Prometheus Metrics Reference
This page enumerates every custom metric that Cycles' reference servers expose on their Prometheus endpoints, along with tag definitions, cardinality guidance, and a sample scrape config. For the higher-level observability playbook (alert recipes, SLOs) see Monitoring and Alerting.
Cycles' Micrometer instrumentation uses dotted source names (cycles.*) which Prometheus rewrites to underscores with a _total suffix on scrape. Source names below are the raw Micrometer identifier; the Prometheus column is what you actually query and alert on.
Tenant-tag cardinality flag
Every counter tagged with tenant respects a shared toggle: cycles.metrics.tenant-tag.enabled (env CYCLES_METRICS_TENANT_TAG_ENABLED, default true) in both cycles-server and cycles-server-events.
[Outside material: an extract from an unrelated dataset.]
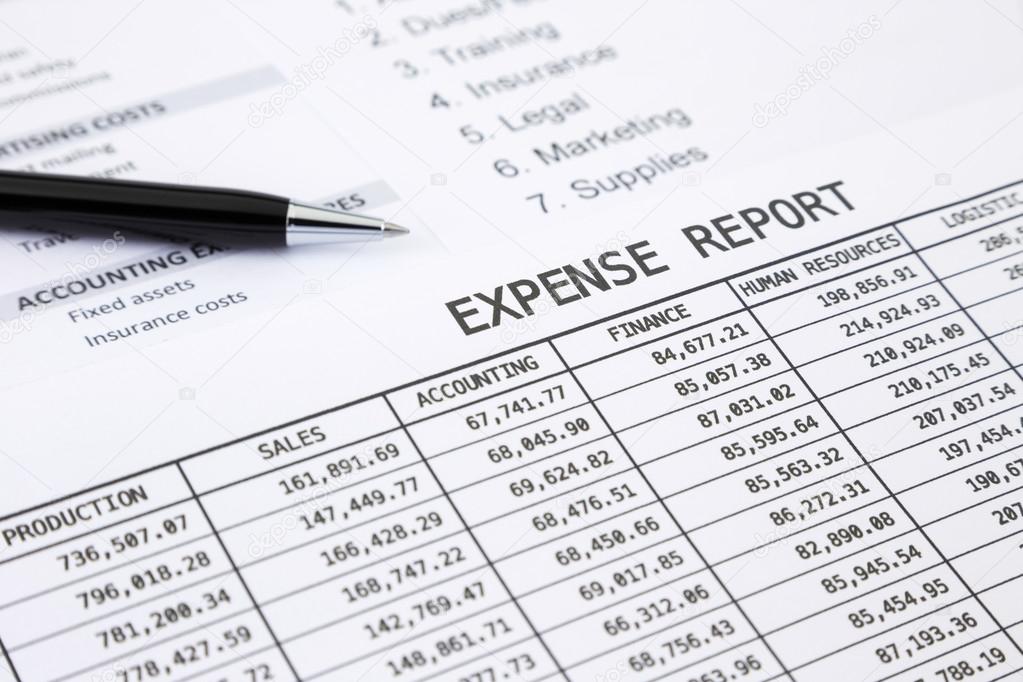 Annual expense report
Deployments with many thousands of tenants can flip it to false to drop the per-tenant series and keep Prometheus cardinality bounded; drop it consistently across services so dashboards can share the same tag schema.
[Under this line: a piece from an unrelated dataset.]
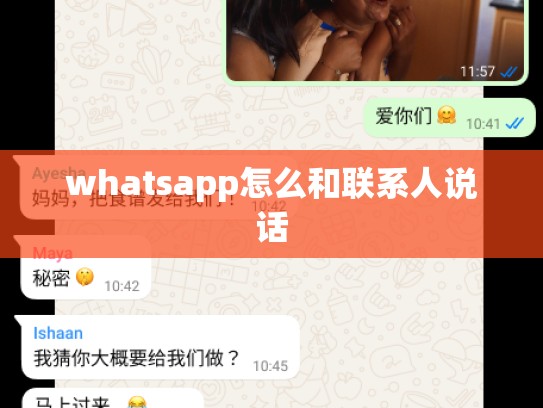 whatsapp怎么和联系人说话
Null or blank tag values are normalised to the sentinel UNKNOWN. Missing tags would otherwise collapse series — making it look like traffic moved when the upstream data actually just got sparse.
Scrape targets
| Service | Scrape port | Prometheus path |
|---|---|---|
cycles-server (runtime) | 7878 (same as API) | /actuator/prometheus |
cycles-server-events (dispatcher) | 9980 (dedicated management port, split from API 7980 in v0.1.25.9, env MANAGEMENT_PORT) | /actuator/prometheus |
cycles-server-admin | 7979 (same as API) | /actuator/prometheus |
Events-service port split. Starting with cycles-server-events v0.1.25.9, the health, info, and prometheus actuator endpoints moved from the public API port 7980 to a dedicated management port (default 9980, env MANAGEMENT_PORT). Scrape configs, kubelet probes, and Docker HEALTHCHECK commands must target :9980 — the published Docker image's HEALTHCHECK is already updated. Expose 7980 publicly; keep 9980 internal-only.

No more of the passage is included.